• _REQUIRED WORK_
All lines in the records below from the line with "VIDAXL Bed Cabinet" through the line with "대구광역시 서구 비산동 오성펠리체 위치·실거래 시세 지도" are to be given again exactly, both ends included; the pictures are to be left out.

• _THE DATA_
>>

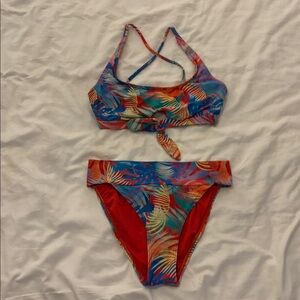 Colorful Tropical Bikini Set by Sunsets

<<
>>

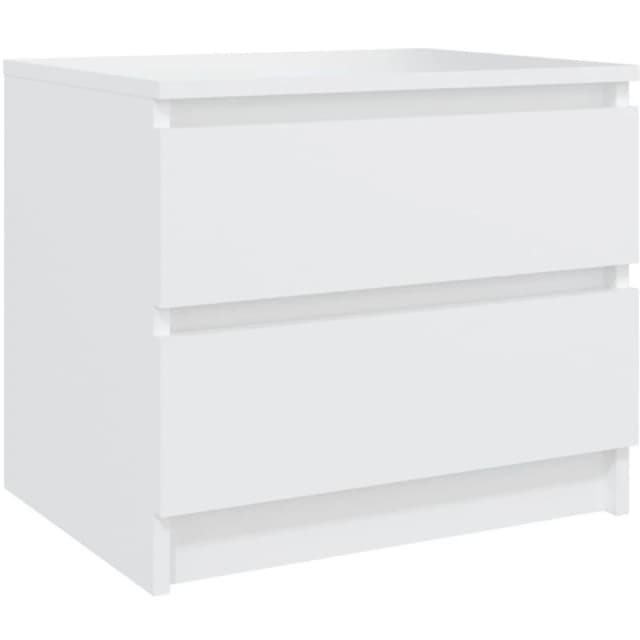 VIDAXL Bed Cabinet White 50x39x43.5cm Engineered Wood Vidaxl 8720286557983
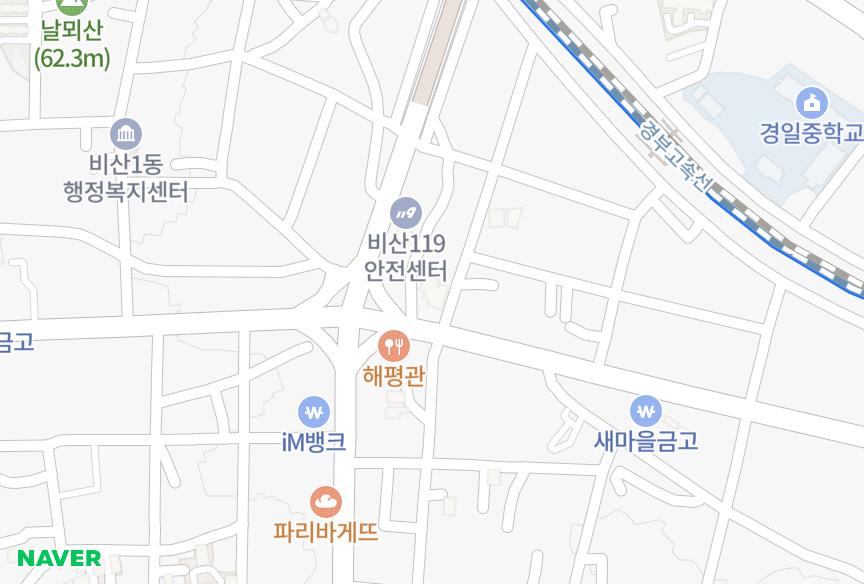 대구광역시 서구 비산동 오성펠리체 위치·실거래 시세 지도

<<

• _FINISHED EXERCISE_
 VIDAXL Bed Cabinet White 50x39x43.5cm Engineered Wood Vidaxl 8720286557983
 대구광역시 서구 비산동 오성펠리체 위치·실거래 시세 지도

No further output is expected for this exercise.